By Linda Burum, Special to the Los Angeles Times
Koreatown’s Odaesan shows what happens to sashimi outside of Japan — and it does it in a luxurious setting.
In the vast fish markets of Korea’s teeming ports and strung along the beach areas of its long coasts, there are countless raw fish houses (hwe jip), charcoal grill carts and impromptu stands specializing in boiled cockles, spicy crab soup or whatever the season brings ashore.
Odaesan, a palatial new restaurant, brings the same bounty to Koreatown but in a far more luxurious setting than a hwe jip. Its downstairs dining room glows with polished marble and elegantly crafted woodwork; custom-painted designs grace the walls. Behind the sushi bar — an expanse of shimmering blond wood almost as long as a bowling alley — stands a display of wine and liquor for sale by the bottle.
At Odaesan, some of the seafood is so fresh it’s still swimming when you order. In a glassed-in wet room behind sleek tanks of live lobsters, crabs, abalone and flatfish, a man in elbow-length rubber gloves, armed with an overhead spray hose, hunches over a stainless-steel sink and readies seafood for the tables.
One evening a friend reserved one of the many private rooms upstairs. We sat on the floor with our legs dangling into a space in the floor beneath the low table. A push of the service button summoned a waitress in hanbok, traditional Korean dress. She assured us that the $150 Odaesan special sashimi dinner (Koreans use the Japanese term) would satisfy the five of us for dinner. We couldn’t have felt more pampered.
When the paneled door slid open again, the waitress returned to dole out a kaleidoscopic assortment of banchan (side dishes), including spicy octopus, mackerel slathered with a miso-like paste, marinated cucumber served on shrimp — and, of course, several varieties of kimchi.

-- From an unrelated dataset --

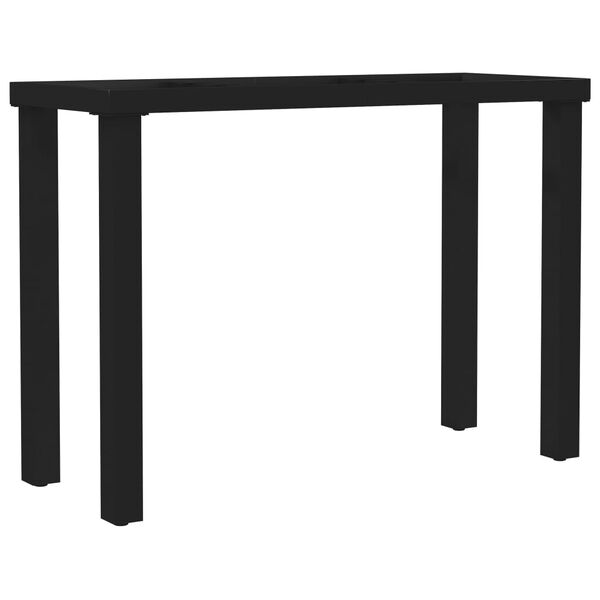 vidaXL Dining Table Legs I Frame 100x40x72 cm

The sashimi was an absolutely imposing sight. The centerpiece of the huge platter, one of those lobsters from the tanks, had the raw tail meat cut into translucent slices and arranged around the head and shell. A mosaic of raw sea dwellers surrounded the lobster: abalone, various clams, salmon, white snapper — 11 sorts of sashimi in all.

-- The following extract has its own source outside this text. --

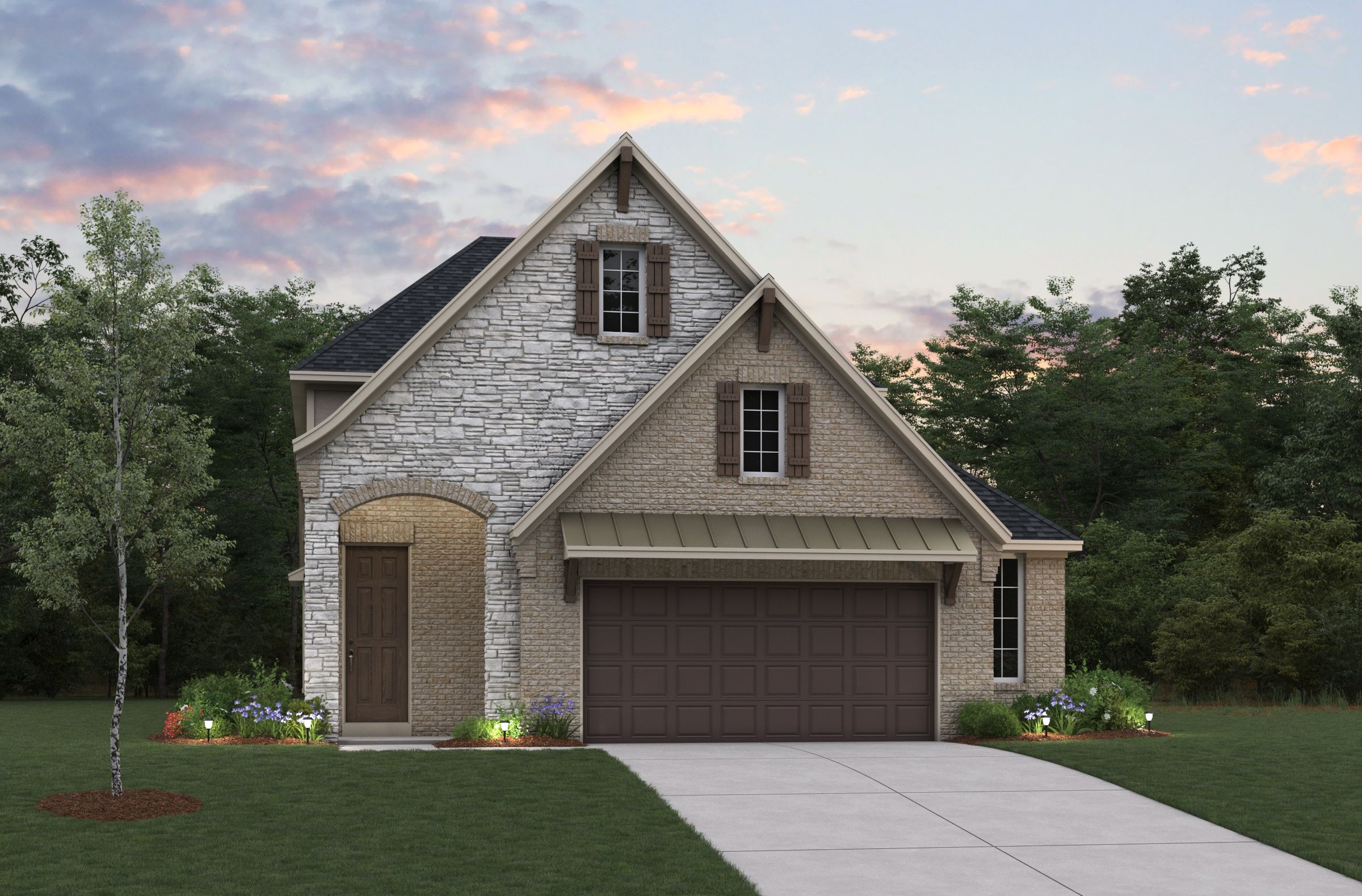 Somerset - Arabella on the Prairie - Signature Collection: Richmond, Texas - Beazer Homes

Alongside, in tiny dishes, an array of condiments included a small dish of sesame oil mixed with salt and black pepper — the classic dip for hamachi (yellowtail). But we had to ask for chojang, the delicious tart-sweet and spicy red sauce favored with octopus, squid and giant clam (all part of the sashimi platter). We also missed the lettuce leaves customarily served with Korean sashimi for wrapping together fish, garlic and other condiments. Even so the tray seemed opulent with its accents of boiled quail eggs, whole garlic cloves and sliced jalapenos — as well as a whole wooden box of fresh-shelled sea urchin.
Along with all this seafood came steamed savory egg custard and miso soup. The waitress, who had whisked away the lobster remains after we’d eaten the meat, later returned with a delicate lobster broth that included the claws and legs. And just to make sure we were perfectly satisfied, she brought another round of kimchi and bowls of rice.
Even Odaesan’s less elaborate sashimi meals are meant for groups, but the menu doesn’t specify how many people each will serve. Prices for these dinners vary from $30 to $120, so be sure to ask.
Combination sashimi dinners are the restaurant’s best dining experience, and the prices make sense when the meals are shared family style.
People often combine the sashimi meals with other dishes too, maybe a steamed or grilled fish or one of the scorchingly spicy soups such as the cod roe specialty, al tchigae. Unless you’re ordering live fish (such as the sometimes-available uni in the shell) the sushi bar is not extraordinary.
Your selection is a bit limited if you are a party of one or two. You can get hwe dup bap, a raw fish salad presented in a sink-sized porcelain bowl that involves layers of freshly diced tuna, yellowtail, salmon and crunchy roe surround by a salad served on rice. It’s still a generous array, fine for one or two. The dressing is a sinister-looking hot sauce (fortunately, its bite is moderated by vinegar and sugar). A good bet for singles and couples who love fish roe is al bap, a sort of Asian caviar plate: a rainbow of variously colored roes arranged on rice.
Sushi and sashimi may be Japanese terms, but the Korean culture has given raw-seafood dining a very different personality. While Japanese sushi chefs arrange artful individual portions for each customer, eating sashimi Korean-style is a convivial group-participation sport. And Odaesan’s posh setting is perfect for the game.